Lo stesso Greco confida nella speranza che il Molise sia la Regione a prossima conduzione pentastella. Trentatre anni, di Agnone, collaboratore e consulente dei Cinque stelle nel gruppo consiliare di palazzo D’Aimmo, ha esposto le linee guida su cui si svilupperà la sua azione legislativa e amministrativa. Con al fianco la consigliera regionale Patrizia Manzo e i parlamentari Antonio Federico, Luigi Di Marzo, Rosalba Testamento e Fabrizio Ortis, Greco all’inizio della conferenza ha tenuto ha mostrato i certificati del casellaruo giudiziario precisando che sono puliti come quelli che si candidano con i Cinque stelle. Ha parlato poi del Patto di Pozzilli quello sulla sanità uguale al Patto di Nazareno fatto da Renzi e il centrodestra per passare a commentare come Frattura sia stato capace di smantellare la sanità puublica a vantaggio di quelle del privato.
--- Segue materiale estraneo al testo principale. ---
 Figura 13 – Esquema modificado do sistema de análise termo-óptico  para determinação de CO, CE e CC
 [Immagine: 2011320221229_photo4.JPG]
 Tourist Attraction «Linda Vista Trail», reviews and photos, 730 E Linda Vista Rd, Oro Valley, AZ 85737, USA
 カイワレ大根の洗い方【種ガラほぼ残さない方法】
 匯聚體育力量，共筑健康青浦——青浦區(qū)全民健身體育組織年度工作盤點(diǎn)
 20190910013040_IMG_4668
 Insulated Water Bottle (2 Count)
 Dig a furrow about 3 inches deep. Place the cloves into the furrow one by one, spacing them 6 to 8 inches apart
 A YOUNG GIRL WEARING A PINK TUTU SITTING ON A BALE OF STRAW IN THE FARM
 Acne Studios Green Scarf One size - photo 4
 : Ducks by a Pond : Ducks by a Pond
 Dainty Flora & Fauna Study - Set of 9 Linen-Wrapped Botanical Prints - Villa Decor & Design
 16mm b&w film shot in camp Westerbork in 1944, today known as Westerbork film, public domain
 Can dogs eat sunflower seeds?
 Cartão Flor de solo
“Noi dobbiamo cambiare registro, il Molise – ha detto Greco –  abbiamo una squadra capace per questo traguardo, dal governatore ai candidati, tornare a sognare noi possiamo farlo, dal candidato governatore ai candidati consiglieri” Greco ha anticipato anche il primissimo provvedimento da adottare appena comincerà l’attività legsilativa e quindi quella di governo. Sarà, infatti, il taglio agli sprechi della politica una pietra miliare indispensabile da saldare nel terreno del buon governo e da qui avere la fiducia dei cittadini. E da ciò il neocandidato a presidente dei Cinque stelle ha preso ad esempio la storia di Federico orfano di padre che ha utilizzato durante il suo mandato da consigliere regionale una Panda a metano riunuciando e devolvendo per altri scopi sociali 300 mila euro di indennità che avrebbe potuto intascare come hanno fatto i consiglieri di altri partiti. Ha quindi affrontato i problemi del lavoro della viabilità, necessaria per uscire dall’isolamento delle infrastrutture.

Insomma è un Cinque stelle che vive il suo momento di grande ottimismo ed euforia maturati dal consenso popolare delle Politiche e che aspira a concretizzarsi in quest’altra tappa regionale dopo il successone del 4 marzo con lo strepitoso 44% e la conquista di 4 parlamentari due al Senato ed altrettanti alla Camera dei deputati. Greco crede anche nel bis.  E’ convinto di conquistare palazzo Vitale e per questo annuncia una campagna elettorale che domani a Roma sarà organizzata a e pianificata con Di Majo e gli europarlamentari, un confrnto con quest’ultimi che Grco ritiene molto utile in quanto il Molise deve rapportarsi anche con l’Europa per i fondi che possono ristabilire molti equilibri strutturali e programmatici all’interno del territorio.

Sulla legge dell’editoria il candidato presidente di Cinque stelle ritiene, smentendo idee confuse che si hanno circa il Movimento di Grillo sull’abolizione della stessa legge,  Greco ha, invece, annunciato che  la libertà di stampa è un diritto costituzionalmente garantito, che tutte le amministrazioni devono impegnarsi a tutelare.” Ma è chiaro che dobbiamo uscire dal pantano amministrativo degli ultimi decenni, che hanno visto primeggiare interessi di qualcuno a dispetto degli interessi degli altri”.